I can't vouch for this company but this is one hell of a deal and they have a toll free number

Origin8_Track Fork 1-1/8" Threadless Chrome - CycleChoice.com

Origin8 is decent stuff.. it is drilled


----------



## Dave Hickey (Jan 27, 2002)

Dave Hickey said:


> I can't vouch for this company but this is one hell of a deal and they have a toll free number
> 
> Origin8_Track Fork 1-1/8" Threadless Chrome - CycleChoice.com
> 
> Origin8 is decent stuff.. it is drilled


I can vouch for these guys...great service same price and they have 1 1/8

Origin8 Track Fork 1" Threaded Chrome - City Grounds - citygrounds.com


----------



## JohnHenry (Aug 9, 2006)

Dave Hickey said:


> I can vouch for these guys...great service same price and they have 1 1/8
> 
> Origin8 Track Fork 1" Threaded Chrome - City Grounds - citygrounds.com


you're beautiful. thanks, dave!


----------



## JohnHenry (Aug 9, 2006)

AS you may or may not have guessed; this bike is going to gleem


----------



## Dave Hickey (Jan 27, 2002)

JohnHenry said:


> AS you may or may not have guessed; this bike is going to gleem


I like this .........and as for the assistance, I'm between projects right now so I can live vicariously through you.....I can't wait to see them


----------



## JohnHenry (Aug 9, 2006)

Dave Hickey said:


> I like this .........and as for the assistance, I'm between projects right now so I can live vicariously through you.....I can't wait to see them


Frame, fork, and pedals ordered, it will take a bit to source the rest.

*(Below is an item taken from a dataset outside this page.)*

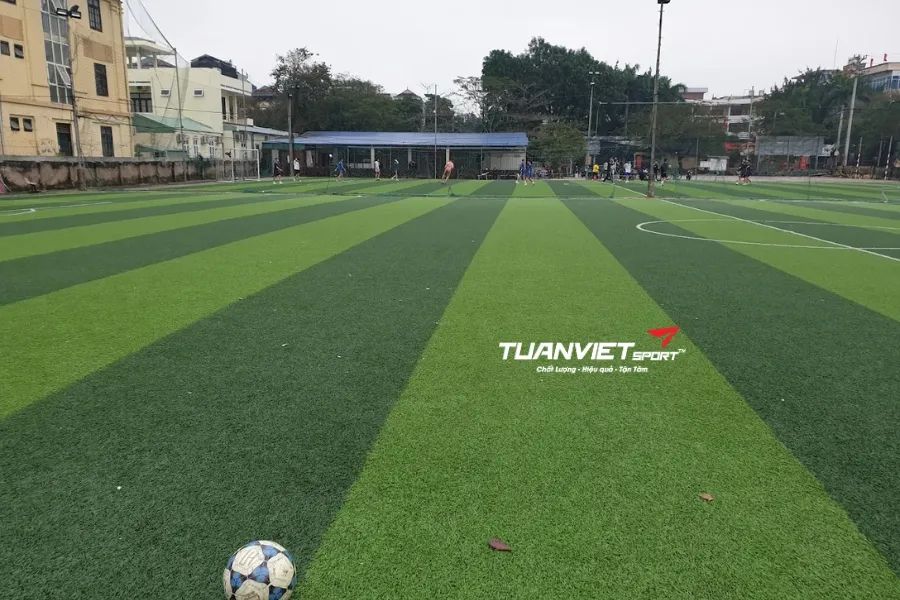 S&acirc;n b&oacute;ng đ&aacute; Lộc Hạ - S&acirc;n b&oacute;ng đ&aacute; tỉnh Ninh B&igrave;nh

btw, this is going to be a flatbar (jerk!), platform pedal patroller.


----------



## m_s (Nov 20, 2007)

That Origin 8 fork looks pretty cool. I was just looking at the nashbar frame the other day. Great deal but I don't really need it.


----------



## unclefuzzy_ss (Nov 23, 2002)

I hope those top tube measurements are off. 56.5 tt on a 60? wtf?


----------



## JohnHenry (Aug 9, 2006)

unclefuzzy_ss said:


> I hope those top tube measurements are off. 56.5 tt on a 60? wtf?


i'll let you know.


----------



## JohnHenry (Aug 9, 2006)

*resurrecting the thread*

So. the TT measurements are accurate. Buy a longer stem or a seatpost with setback. I am 6'2" and the 60 works for me with a 120 stem. But I need a 130, really. 

Nashbar has the frame on sell, again. :thumbsup: But they are now $70 through tomorrow with free shipping. :thumbsup: Oversize still applies, the frame is worth it for $89/shipping included.

I built mine up into the flatbar, townie configuration. the ride is pretty darn good. 

Truthfully, i love it. it's fun to ride and i am not worried about anything happening to it, really. 

I'll post a pic when I can. 

I actually ordered another today to build up as a commuter. 

If anyone is one the fence about a SS/Fixie, recommended (little capital investment).


----------



## JohnHenry (Aug 9, 2006)

m_s said:


> That Origin 8 fork looks pretty cool. I was just looking at the nashbar frame the other day. Great deal but I don't really need it.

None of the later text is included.